A sophisticated RAG (Retrieval-Augmented Generation) system for querying personal journal entries using local AI models. Build your searchable knowledge base locally with privacy-first design.

Features

  • Local AI Processing: Uses local language models (no data sent to external services)
  • Multiple Format Support: Markdown, plain text, JSON, and HTML journal files
  • Semantic Search: Vector-based similarity search with FAISS
  • Intelligent Chunking: Automatically splits long entries while preserving context
  • Rich CLI Interface: Beautiful command-line interface with Rich
  • Flexible Queries: Question answering, summarization, emotion analysis, goal tracking
  • Local Processing: Query your journals privately on your own machine
  • Cloud Indexing Support: Process large datasets using Google Colab or cloud services

Quick Start

1. Setup

# Clone or download the project
cd SLM_journal

# Create and activate virtual environment
python3 -m venv .venv
source .venv/bin/activate

# Install dependencies
pip install -r requirements.txt

2. Add Your Journal Files

Place your journal files in the data/ directory:

data/
├── 2023-01-journal.md
├── 2023-02-journal.md
├── notes/
│   ├── daily-notes.txt
│   └── reflections.md

Supported formats:

  • Markdown (.md, .markdown): With date headers like # 2023-01-15
  • Plain Text (.txt): With date prefixes like 2023-01-15:
  • JSON (.json): With structured entries
  • HTML (.html, .htm): Blog exports, web pages, or HTML-formatted journals

HTML Journal Support

The system can automatically convert HTML files to clean Markdown, making it perfect for:

  • Blog exports from WordPress, Blogger, Medium
  • Web page archives of your online journal entries
  • HTML-formatted personal notes and reflections

Features of HTML processing:

  • Automatically removes navigation, ads, footers, and other non-content elements
  • Preserves formatting (bold, italic, lists, quotes, headings)
  • Extracts metadata (title, author, date, tags) from HTML meta tags
  • Identifies individual journal entries in multi-entry HTML files
  • Converts dates to consistent YYYY-MM-DD format

Example HTML structure that works well:

<article class="entry">
    <h2>March 15, 2024</h2>
    <p>Today was a <strong>productive day</strong>...</p>
</article>

3. Index Your Journals

For Small to Medium Collections (< 500 entries)

python main.py index

For Large Collections (1000+ entries)

For large journal collections, indexing requires significant memory. You have three options:

Option A: Emergency Local Mode (slow but works on 32GB+ Macs)

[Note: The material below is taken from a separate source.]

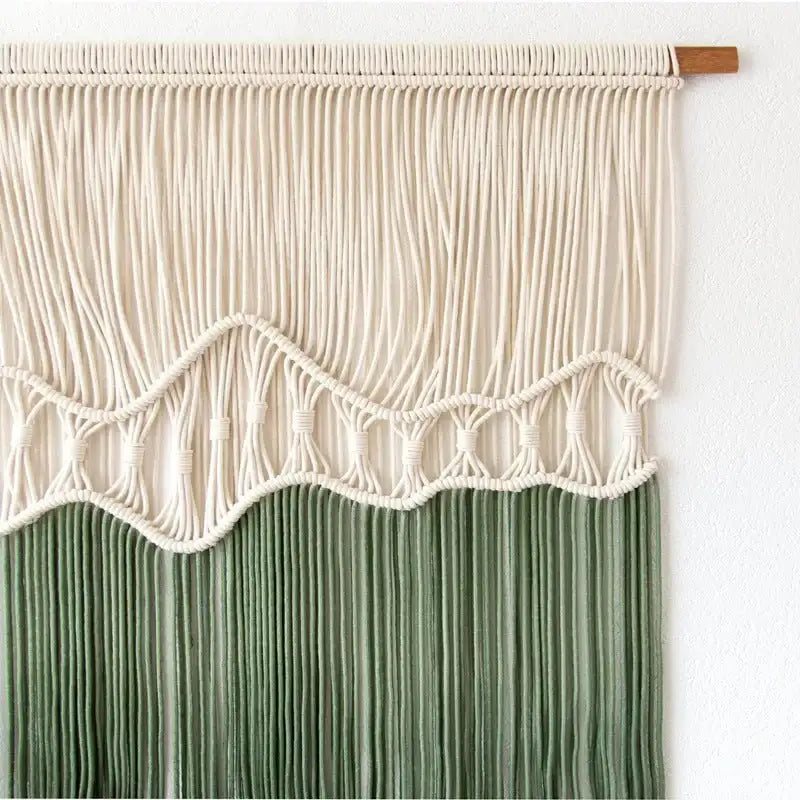 LuxeHome by Sell My Stuff: Nordic Handmade Cotton Wall Tapestry - Green, 140x100 cm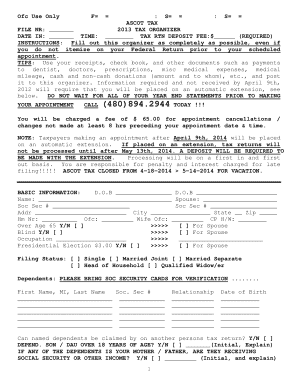 2013 Tax Organizer Form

./index_emergency_low_memory.sh

Option B: Google Colab (recommended - free and fast)

# See CLOUD_PROCESSING.md for complete instructions
# Upload your journals to Colab, index there, download results

Option C: Cloud Server (AWS, etc.)

# See CLOUD_PROCESSING.md for AWS setup instructions

The indexing process:

  • Parses all journal files
  • Generates embeddings using sentence-transformers
  • Builds a searchable vector index
  • Stores metadata in SQLite

Note: The system starts with a mock AI model for immediate functionality. See Model Setup below for upgrading to local AI models.

4. Start Querying

# Ask questions about your journals
python main.py query "What are my main goals this year?"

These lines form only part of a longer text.